(EXERCISE OBJECTIVE):
Write out the data word for word, taking care that no picture is carried over.

(SOURCE DATA):
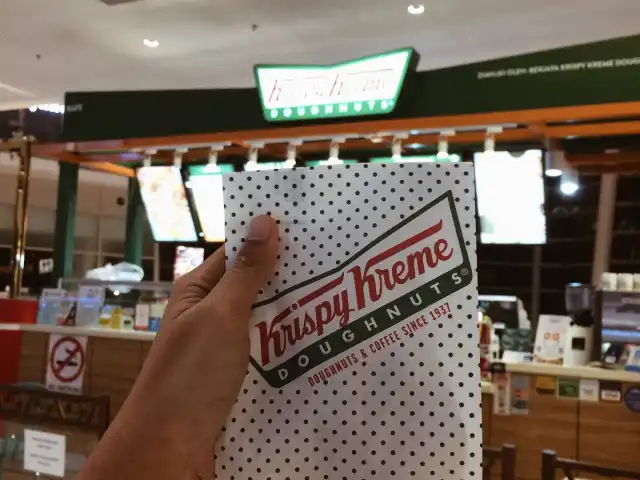 Krispy Kreme Doughnuts Food Photo 5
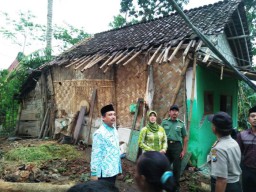 Turun Langsung, Bupati Asat Malik Bantu Korban Puting Beliung di Desa Sumber Anyar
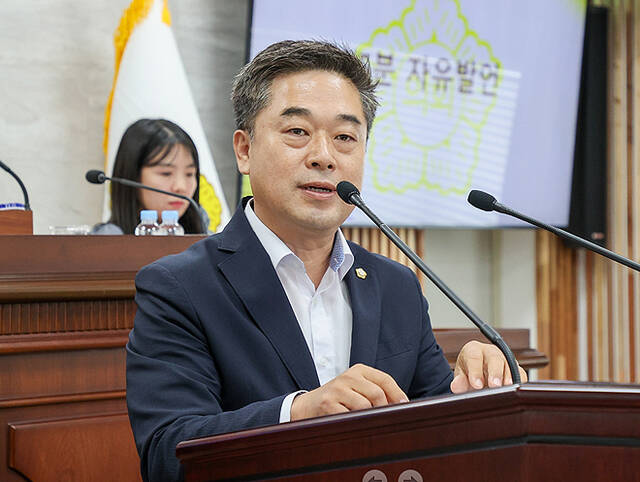 박기호 의원이 5분 자유발언을 하고있다. /울릉군의회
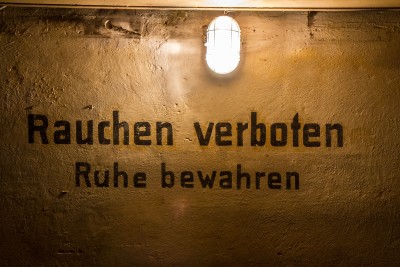 Die Teilnehmerinnen und Teilnehmer erleben bei einer Führung die unterirdrische Bunkerwelt komplett verdunkelt. (Foto: Michael Kaub/Stadt Hagen)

(RESULT OF THIS EXERCISE):
 Krispy Kreme Doughnuts Food Photo 5
 Turun Langsung, Bupati Asat Malik Bantu Korban Puting Beliung di Desa Sumber Anyar
 박기호 의원이 5분 자유발언을 하고있다. /울릉군의회
 Die Teilnehmerinnen und Teilnehmer erleben bei einer Führung die unterirdrische Bunkerwelt komplett verdunkelt. (Foto: Michael Kaub/Stadt Hagen)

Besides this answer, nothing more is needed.